Frank Pizzonia is one of five Long Island Rail Road workers federal prosecutors say ran a conspiracy earning astronomical levels of overtime while not showing up for shifts. Pizzonia’s attorney Joseph Corozzo wrote in a filing late Tuesday that the allegedly crooked quintet of LIRR employees were far from the only ones raking in exorbitant OT.
He cited interviews disclosed by federal prosecutors with an alleged co-conspirator of the overtime scheme identified in papers only as “WITNESS-1.”
“The act of being absent during one’s shift and being paid regardless was common practice at the [LIRR] and everyone that WITNESS-1 worked with did it,” according to the filing, which was partially redacted. “WITNESS-1 was told he could leave the job site as long as he was available by phone” and “was led to believe this was allowed because everyone was doing it and it was a common practice.”
The witness also said that the LIRR was aware some overtime shifts ended early but signed off on paying the entire shift, anyway.
“Sometimes the contractors finished their work early…They were subsequently told by the Project Manager and the Union to ‘pay themselves,’” according to the filing.
Corozzo said an agreement between LIRR management, union leaders and a third party contractor allowed engineers, foremen and other track workers to leave work early while collecting overtime, provided the job got done.
“We expect the evidence to show that the third party contractors (as well as LIRR management and the union) were aware that workers would sometimes bill for full shifts if they left early, and that the LIRR management, the union and the third party contractors accepted this practice,” Corozzo wrote in the Manhattan Federal Court filing.
Pizzonia’s father is Dominick “Skinny Dom” Pizzonia — a convicted Gambino crime family capo who served as a hitman for John Gotti.

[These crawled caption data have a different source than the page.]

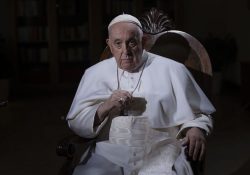 Por infección, internan al papa a cuatro días de semana santa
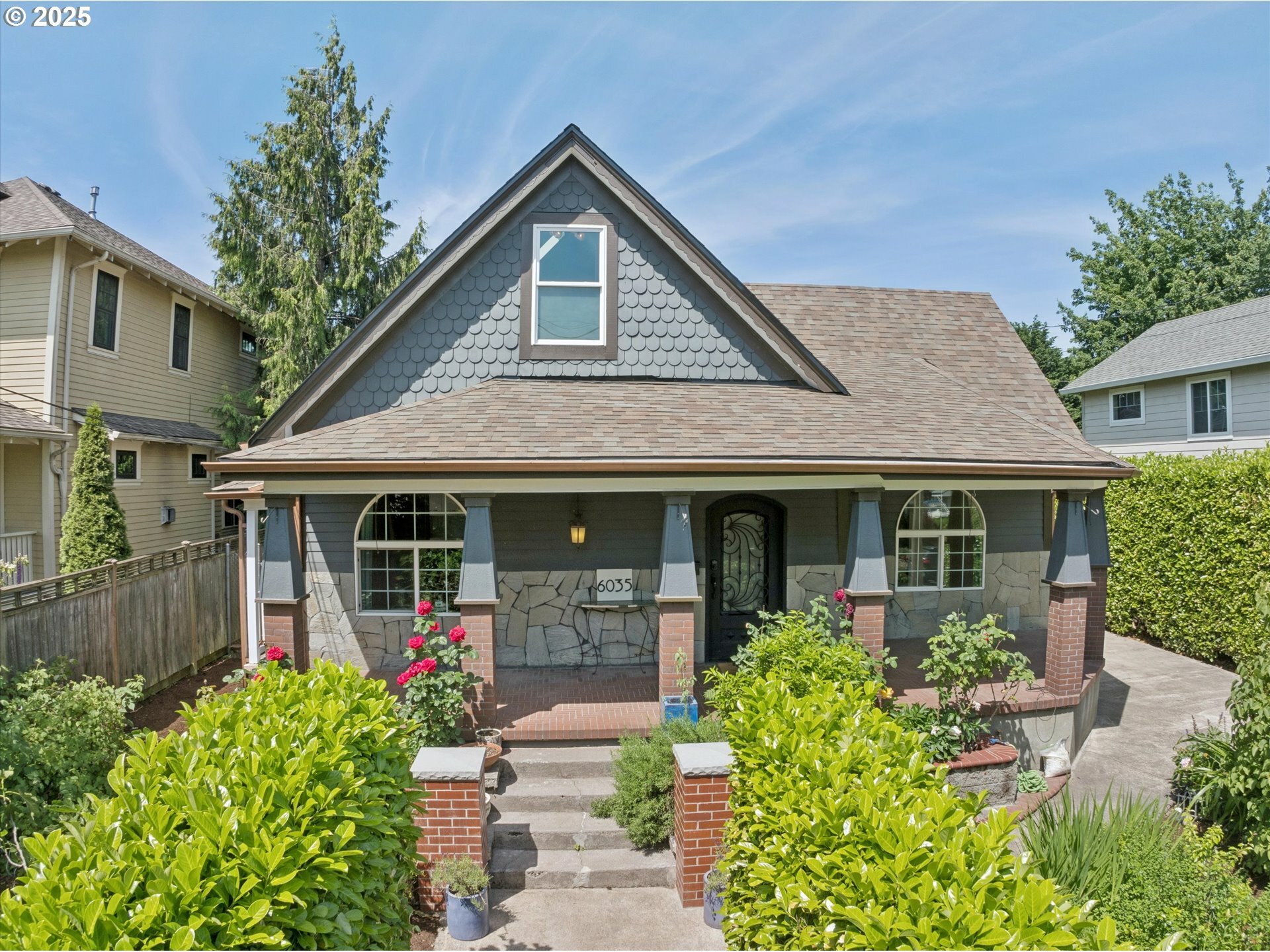 Property Photo: 6035 NE 9th Ave OR 97211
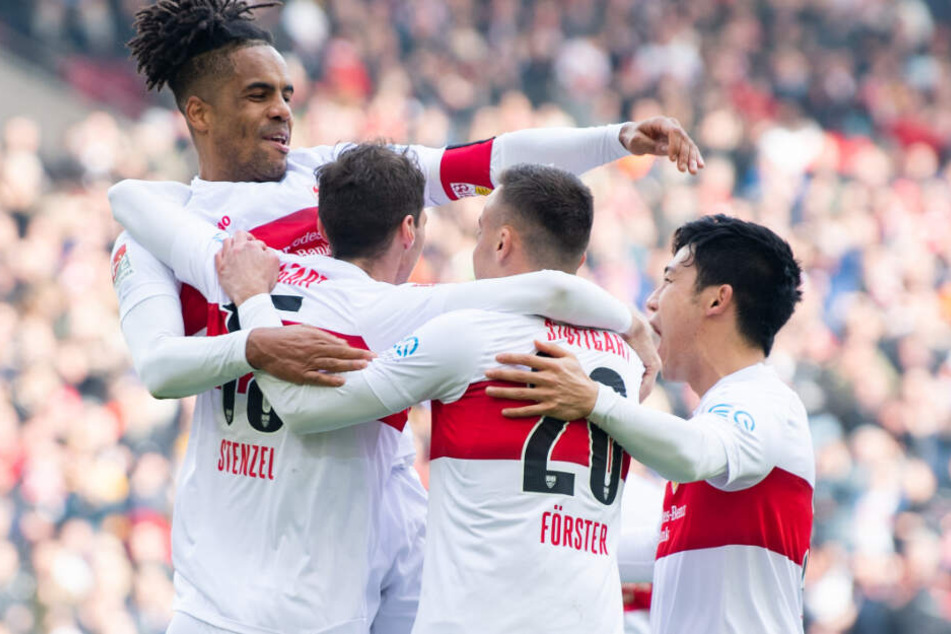 Daniel Didavi (l) vom VfB Stuttgart jubelt nach seinem Tor zum 2:0.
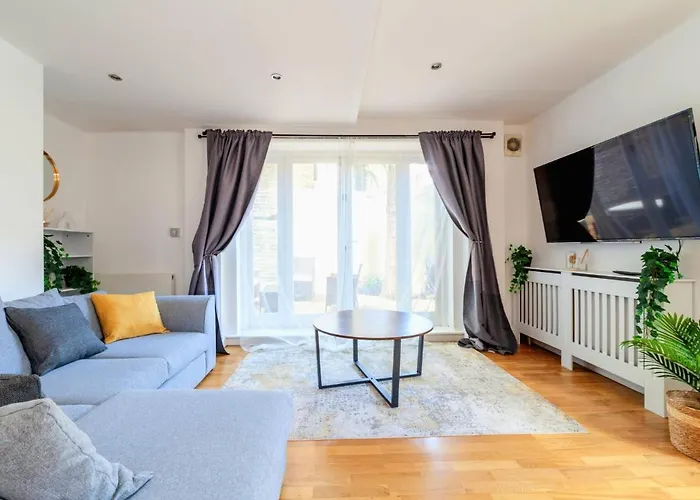 Comfy 2 Bed Apt With Private Garden,Battersea Central Ldn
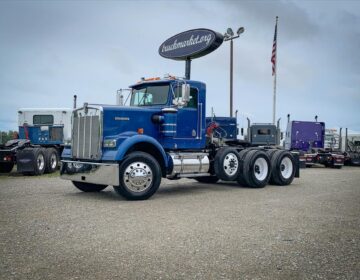 1999 KENWORTH W900 PRE-ELOG DAYCAB 792355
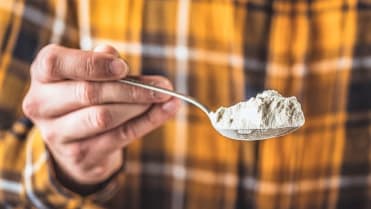 Průměrně každý člověk v Česku ročně zkonzumuje zhruba 100 kg pšeničné mouky Průměrně každý člověk v Česku ročně zkonzumuje zhruba 100 kg pšeničné mouky
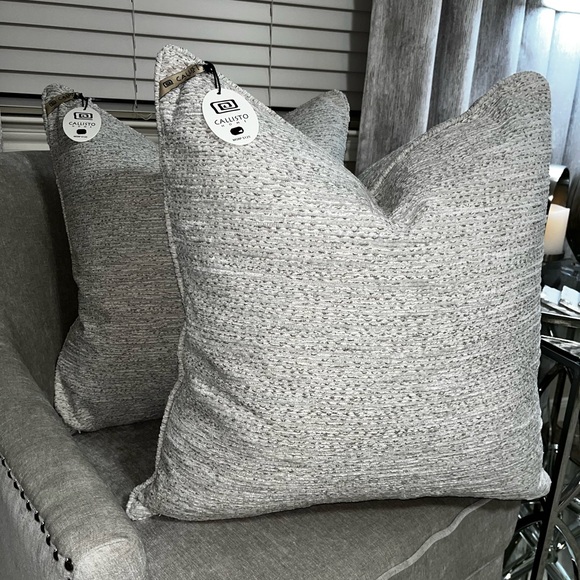 1-NWT CALLISTO HOME GRAY WOVEN VELVET DECORATIVE PILLOW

The younger Pizzonia says he has nothing to do with organized crime.
Frank Pizzonia argues some of the charges against him should be reduced or dropped because the overtime theft was commonplace and accepted by managers. One of Pizzonia’s alleged co-conspirators in the scheme, John Nugent, pleaded guilty in July.
Pizzonia, 53, claimed in 2018 to have worked 3,780 hours of overtime, which would require 10 hours of work a day on top of his regular 40-hour workweek, according to a criminal complaint. He earned $305,000 that year, making him the Metropolitan Transportation Authority’s 29th highest-paid employee.

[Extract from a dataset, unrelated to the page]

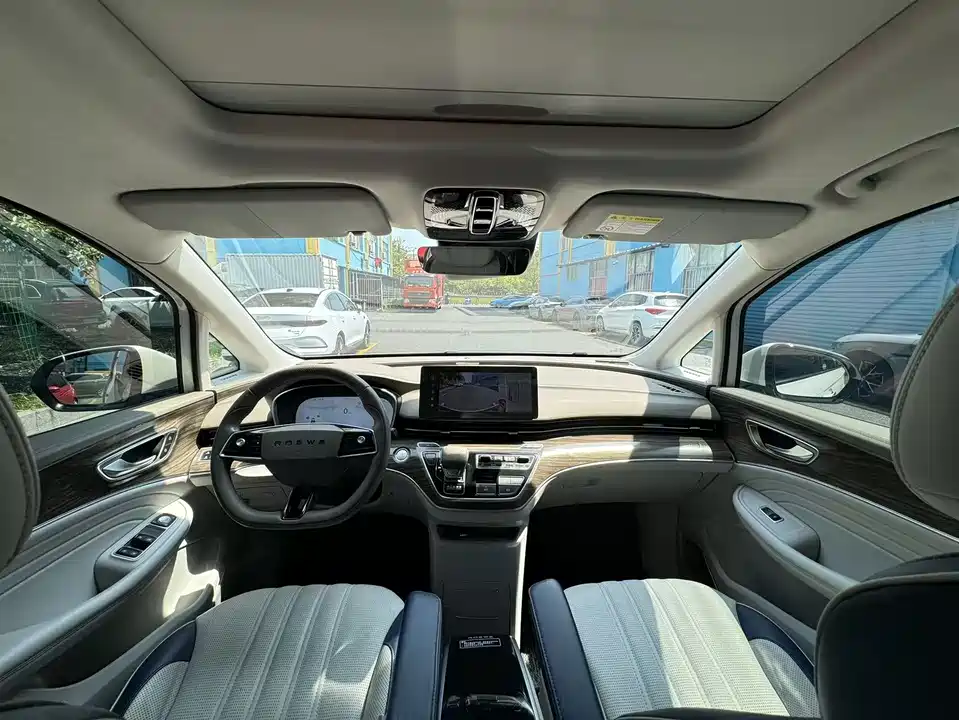 Roewe iMAX8
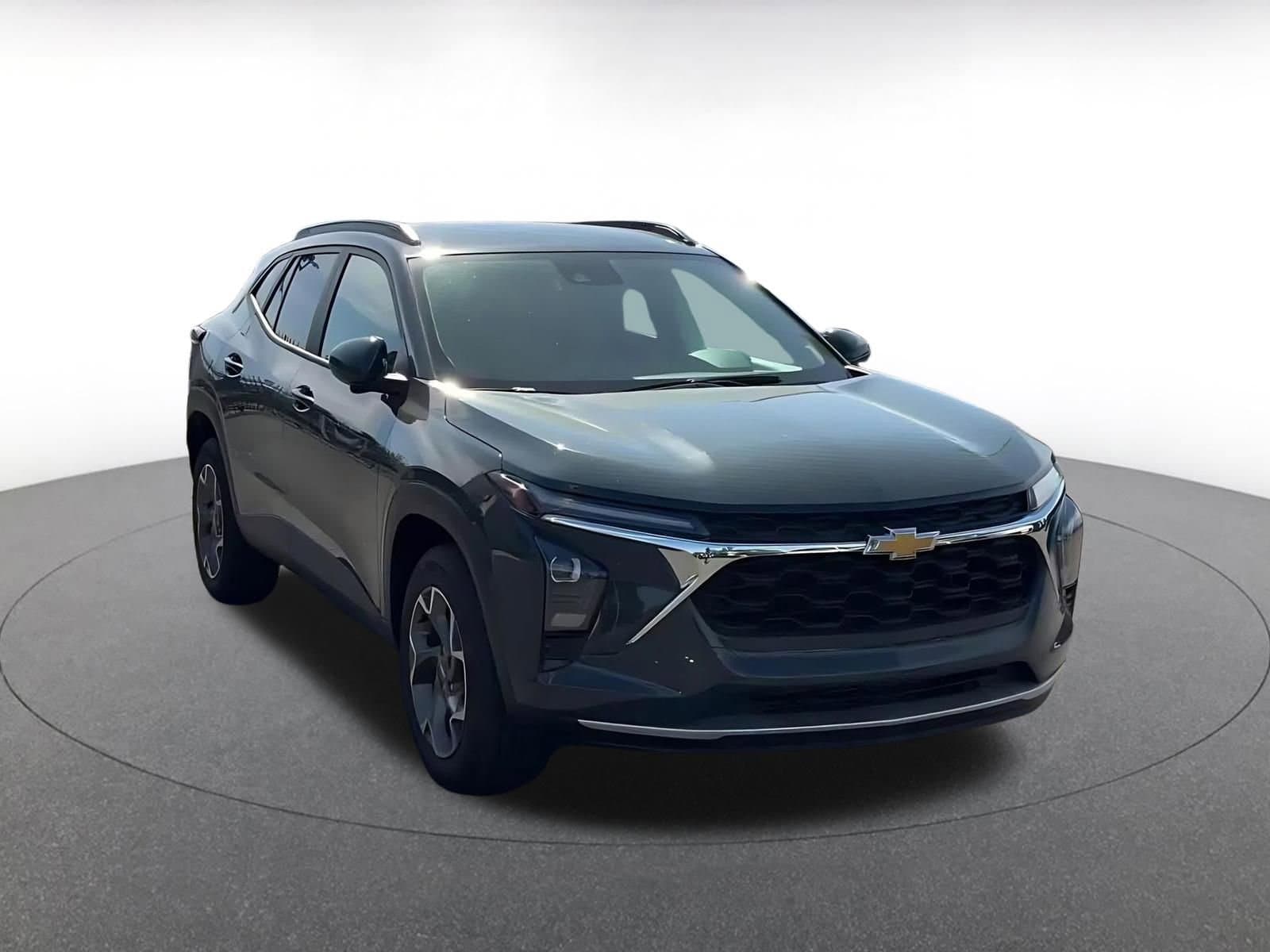 Thumbnail: 2025 Chevrolet Trax - 3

The new filings also reveal that some of the allegedly bogus overtime claims came on the notoriously over-budget and behind-schedule East Side Access project, which will bring LIRR trains into a new station 150 feet beneath Grand Central Terminal.
A search warrant shows Pizzonia filed an eight-hour shift to work on the East Side Access project at the Harold Interlocking in Queens on June 21, 2018 — an aspect of the boondoggle that MTA officials have cited as a key source of delays. Pizzonia never showed up for the shift, but instead made 28 calls on his cellphone from his Howard Beach home, authorities say.
MTA honchos never blamed no-show shifts for work on the junction running years late, and instead said the delays were sparked by difficulties working with Amtrak, which also used the tracks.
The East Side Access project is scheduled to wrap next year — 13 years behind schedule — for $11.1 billion. That’s $6.8 billion higher than its initial projected cost.
An August 2019 audit by an outside vendor identified East Side Access as a primary driver of the MTA’s ballooning overtime costs, which in 2018 hit $1.38 billion, a 16% increase from the year before.
MTA officials declined to comment on the claims laid out in the filing by Pizzonia’s attorney, citing “ongoing court proceedings.”
Anthony Simon, chairman of the Sheet Metal, Air, Rail and Transportation Workers that represents LIRR workers, did not respond to a request for comment.